Abstract

Evaluating the fire performance of bridges is necessary for damage mitigation as more fire-related accidents occurred on bridge structures. Current solutions adopting temperature curves can result in significant inaccuracy by neglecting the inhomogeneous characteristic of the fire-induced thermal environment. This paper proposed a numerical methodology for analyzing the coupled thermomechanical response of various bridges exposed to fires. The computational fluid dynamics (CFD) approach was implemented to reproduce the fire condition more realistically by modeling the combustion process and fire-driven flow. Then, an interface was adopted to extract the thermal boundary from the fire model. At last, the thermomechanical finite-element method (FEM) was coupled with the CFD model for determining the fire-induced response of the global bridge, thermally and structurally. By incorporating the multiscale FEM, this methodology can be extended to various large-scale bridges subjected to localized fires.

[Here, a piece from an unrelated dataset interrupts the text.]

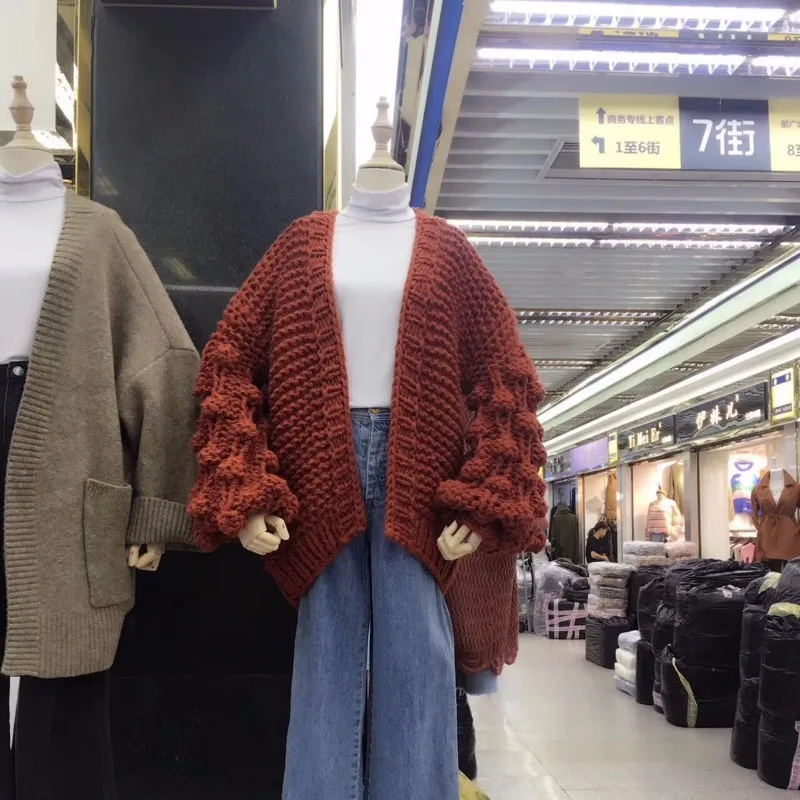 Twotwinstyle полые трикотажные свитера Кардиган женские осенние с длинным рукавом Свободные Большой размер женские джемперы Открыть стежка повседневная одежда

The proposed approach was validated through a real fire experimental study on a steel column. To demonstrate the application of this strategy, a complex case study was carried out. A long-span cable-stayed bridge was investigated considering its girder segment was exposed to an under-deck tanker fire. Numerical results showed that the proposed method was able to capture the surrounding temperature field with strong thermal gradients and can predict not only the localized thermomechanical response of exposed segments but also the global structural performance evolution for large-scale complex bridges. The under-deck fire can introduce a significant impact on the entire cable-stayed bridge. Thereby, the multiscale FEM modeling strategy is required for the long-span bridges exposed to localized fires.